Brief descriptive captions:
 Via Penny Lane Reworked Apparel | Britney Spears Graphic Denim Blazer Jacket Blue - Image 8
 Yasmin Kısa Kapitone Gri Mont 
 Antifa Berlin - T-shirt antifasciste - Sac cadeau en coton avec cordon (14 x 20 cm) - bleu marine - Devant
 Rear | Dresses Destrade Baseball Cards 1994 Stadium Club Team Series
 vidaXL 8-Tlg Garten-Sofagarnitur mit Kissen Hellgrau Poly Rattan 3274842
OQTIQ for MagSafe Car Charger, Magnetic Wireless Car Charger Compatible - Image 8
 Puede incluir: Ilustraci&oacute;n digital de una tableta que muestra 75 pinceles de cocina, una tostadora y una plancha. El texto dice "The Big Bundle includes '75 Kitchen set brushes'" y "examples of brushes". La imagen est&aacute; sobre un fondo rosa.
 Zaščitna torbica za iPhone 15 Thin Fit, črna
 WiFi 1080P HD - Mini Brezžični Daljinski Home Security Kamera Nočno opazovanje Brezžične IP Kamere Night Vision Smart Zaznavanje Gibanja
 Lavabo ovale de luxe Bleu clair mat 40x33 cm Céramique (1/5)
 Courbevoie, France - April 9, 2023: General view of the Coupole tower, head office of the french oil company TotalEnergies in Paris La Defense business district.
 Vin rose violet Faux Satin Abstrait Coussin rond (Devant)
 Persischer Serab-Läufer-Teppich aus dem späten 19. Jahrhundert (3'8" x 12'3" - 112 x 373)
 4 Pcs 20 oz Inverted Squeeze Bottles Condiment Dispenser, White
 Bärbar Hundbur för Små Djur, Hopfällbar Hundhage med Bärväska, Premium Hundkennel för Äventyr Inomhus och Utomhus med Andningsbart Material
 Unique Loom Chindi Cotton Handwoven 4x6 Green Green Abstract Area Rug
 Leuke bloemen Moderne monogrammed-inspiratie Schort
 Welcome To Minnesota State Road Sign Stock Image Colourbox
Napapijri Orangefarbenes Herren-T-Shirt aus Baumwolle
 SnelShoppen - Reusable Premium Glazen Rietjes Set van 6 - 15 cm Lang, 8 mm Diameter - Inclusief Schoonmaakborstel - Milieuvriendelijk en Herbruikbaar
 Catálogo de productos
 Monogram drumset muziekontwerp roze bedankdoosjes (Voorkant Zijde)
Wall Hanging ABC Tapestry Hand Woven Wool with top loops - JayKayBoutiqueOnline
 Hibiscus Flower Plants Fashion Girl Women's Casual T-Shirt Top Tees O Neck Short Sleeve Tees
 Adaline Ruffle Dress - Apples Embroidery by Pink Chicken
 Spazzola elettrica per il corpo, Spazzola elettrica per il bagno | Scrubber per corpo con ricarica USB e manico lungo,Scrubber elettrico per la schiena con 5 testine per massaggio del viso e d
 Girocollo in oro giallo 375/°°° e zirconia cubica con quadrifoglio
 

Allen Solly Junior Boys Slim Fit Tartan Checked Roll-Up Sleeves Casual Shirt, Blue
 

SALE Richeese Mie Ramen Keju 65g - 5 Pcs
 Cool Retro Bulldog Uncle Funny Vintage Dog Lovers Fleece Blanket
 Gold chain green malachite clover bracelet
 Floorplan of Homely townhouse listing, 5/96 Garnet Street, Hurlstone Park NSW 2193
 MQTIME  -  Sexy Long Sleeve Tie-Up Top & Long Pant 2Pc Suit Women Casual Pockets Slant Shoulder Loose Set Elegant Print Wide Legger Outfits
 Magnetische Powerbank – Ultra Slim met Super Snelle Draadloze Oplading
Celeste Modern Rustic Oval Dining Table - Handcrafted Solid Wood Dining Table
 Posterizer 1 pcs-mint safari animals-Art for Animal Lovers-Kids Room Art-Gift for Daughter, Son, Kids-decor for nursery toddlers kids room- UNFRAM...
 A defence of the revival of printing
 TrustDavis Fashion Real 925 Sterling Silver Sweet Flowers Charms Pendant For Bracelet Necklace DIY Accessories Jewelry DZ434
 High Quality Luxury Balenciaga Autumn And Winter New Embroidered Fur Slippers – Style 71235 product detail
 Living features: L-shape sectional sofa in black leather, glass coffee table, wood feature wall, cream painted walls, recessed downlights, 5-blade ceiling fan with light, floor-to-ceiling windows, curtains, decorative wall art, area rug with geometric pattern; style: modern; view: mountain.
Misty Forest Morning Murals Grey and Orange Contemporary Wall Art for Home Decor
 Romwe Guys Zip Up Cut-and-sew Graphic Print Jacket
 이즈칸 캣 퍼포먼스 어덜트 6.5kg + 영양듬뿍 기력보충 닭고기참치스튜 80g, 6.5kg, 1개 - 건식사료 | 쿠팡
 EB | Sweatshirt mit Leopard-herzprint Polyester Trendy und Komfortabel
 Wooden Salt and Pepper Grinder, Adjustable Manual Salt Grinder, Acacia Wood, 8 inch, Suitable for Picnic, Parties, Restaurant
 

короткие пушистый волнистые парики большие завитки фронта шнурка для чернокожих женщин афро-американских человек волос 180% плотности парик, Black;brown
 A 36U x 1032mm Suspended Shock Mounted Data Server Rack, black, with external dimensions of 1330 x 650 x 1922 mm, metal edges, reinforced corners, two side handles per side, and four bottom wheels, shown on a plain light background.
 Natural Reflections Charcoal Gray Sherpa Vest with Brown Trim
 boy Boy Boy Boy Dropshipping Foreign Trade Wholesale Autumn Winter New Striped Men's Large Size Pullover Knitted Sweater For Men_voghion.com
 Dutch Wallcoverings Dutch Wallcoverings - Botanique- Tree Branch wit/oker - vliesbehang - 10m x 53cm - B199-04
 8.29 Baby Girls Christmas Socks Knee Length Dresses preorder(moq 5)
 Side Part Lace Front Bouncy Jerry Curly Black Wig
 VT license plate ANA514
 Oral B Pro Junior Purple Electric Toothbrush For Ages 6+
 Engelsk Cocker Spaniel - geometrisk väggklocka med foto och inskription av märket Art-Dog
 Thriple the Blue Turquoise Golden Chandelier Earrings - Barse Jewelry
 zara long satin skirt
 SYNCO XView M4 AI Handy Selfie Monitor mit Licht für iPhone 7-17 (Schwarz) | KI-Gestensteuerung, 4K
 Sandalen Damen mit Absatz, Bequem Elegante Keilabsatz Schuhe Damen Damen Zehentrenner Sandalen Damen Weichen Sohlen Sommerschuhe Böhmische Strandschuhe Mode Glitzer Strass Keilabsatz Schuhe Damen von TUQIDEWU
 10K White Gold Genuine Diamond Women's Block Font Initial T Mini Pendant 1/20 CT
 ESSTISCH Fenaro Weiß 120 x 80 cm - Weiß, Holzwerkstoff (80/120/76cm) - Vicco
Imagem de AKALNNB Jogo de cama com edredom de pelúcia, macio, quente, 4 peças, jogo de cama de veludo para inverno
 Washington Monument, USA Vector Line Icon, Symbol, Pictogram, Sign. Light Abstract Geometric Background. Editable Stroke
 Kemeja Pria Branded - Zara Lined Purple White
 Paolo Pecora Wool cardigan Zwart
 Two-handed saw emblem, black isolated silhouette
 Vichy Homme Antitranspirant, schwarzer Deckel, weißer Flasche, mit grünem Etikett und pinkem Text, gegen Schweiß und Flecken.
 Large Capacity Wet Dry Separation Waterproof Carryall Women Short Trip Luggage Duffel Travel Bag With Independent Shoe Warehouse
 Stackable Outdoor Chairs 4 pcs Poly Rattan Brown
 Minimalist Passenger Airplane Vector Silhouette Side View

▶ _The task_
Nothing but the lines from the one that contains "Stackable Outdoor Chairs" through the last line of the entries should appear in your reply, each repeated exactly.

▶ _Output of the task_
 Stackable Outdoor Chairs 4 pcs Poly Rattan Brown
 Minimalist Passenger Airplane Vector Silhouette Side View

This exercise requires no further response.